The notice does not change the proposed volumes for 2020 and 2021. Instead, it proposes and seeks comment on adjustments to the way that annual renewable fuel percentages are calculated. Annual renewable fuel percentage standards are used to calculate the number of gallons each obligated party is required to blend into their fuel or to otherwise obtain renewable identification numbers (RINs) to demonstrate compliance.
Specifically, the EPA is seeking comment on projecting the volume of gasoline and diesel that will be exempt in 2020 due to small refinery exemptions based on a three-year average of the relief recommended by the Department of Energy (DOE), including where DOE had recommended partial exemptions. EPA intends to grant partial exemptions in appropriate circumstances when adjudicating 2020 exemption petitions. The EPA proposes to use this value to adjust the way renewable fuel percentages are calculated. The proposed adjustments would help ensure that the industry blends the final volumes of renewable fuel into the nation’s fuel supply and that, in practice, the required volumes are not effectively reduced by future hardship exemptions for small refineries. Consistent with the statute, the supplemental notice seeks to balance the RFS’s goal of maximizing the use of renewables while still providing relief to small refineries that demonstrate the need.

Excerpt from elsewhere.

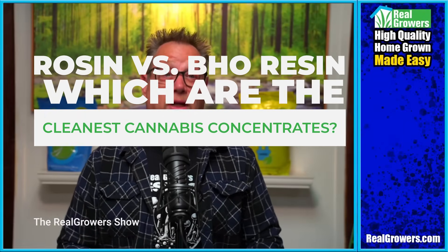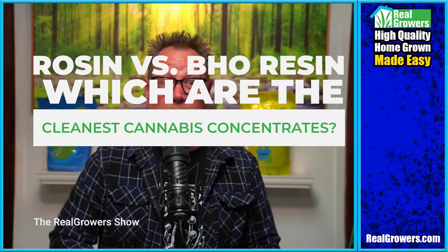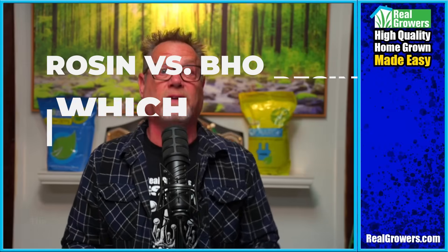If you care about the purity of your concentrate, you're going to want to see this breakdown of BHO resin versus rosin.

The proposal is the Administration’s most recent attempt at a compromise between oil and agricultural constituencies. However, the immediate reactions indicate that the parties do not see the proposal as a solution, as both biofuel advocates and refining interests wasted no time in expressing their displeasure with the notice.

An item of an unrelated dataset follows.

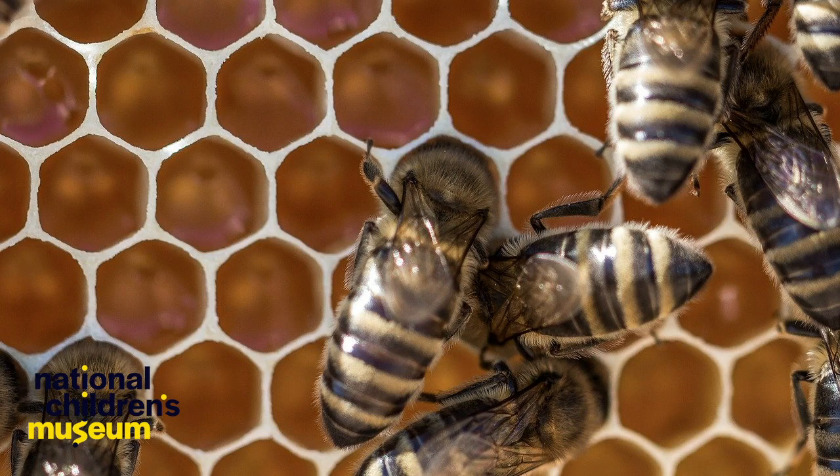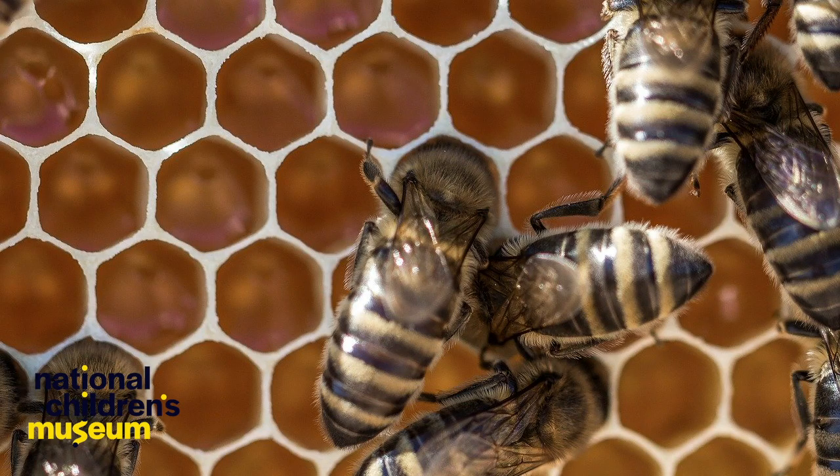Let's take a close look at the shape of a honeycomb. What do you notice? What shape is this? Let's count the sides to figure out what shape this is: one, two, three, four, five, six. What shape has six sides? A hexagon! You're right.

EPA will hold a public hearing Oct. 30, 2019 and conduct a 30-day comment period to combine this into the finalization of rulemaking to set the overall volumes for 2020 and 2021. EPA projects the rulemaking will be completed this year, but the strong negative response from the biofuel and refining industries suggests this rulemaking will continue to be challenging. EPA will have to issue one more proposed rule on renewable volume obligations prior to the 2020 election -- and how they balance these interests will be worth watching closely.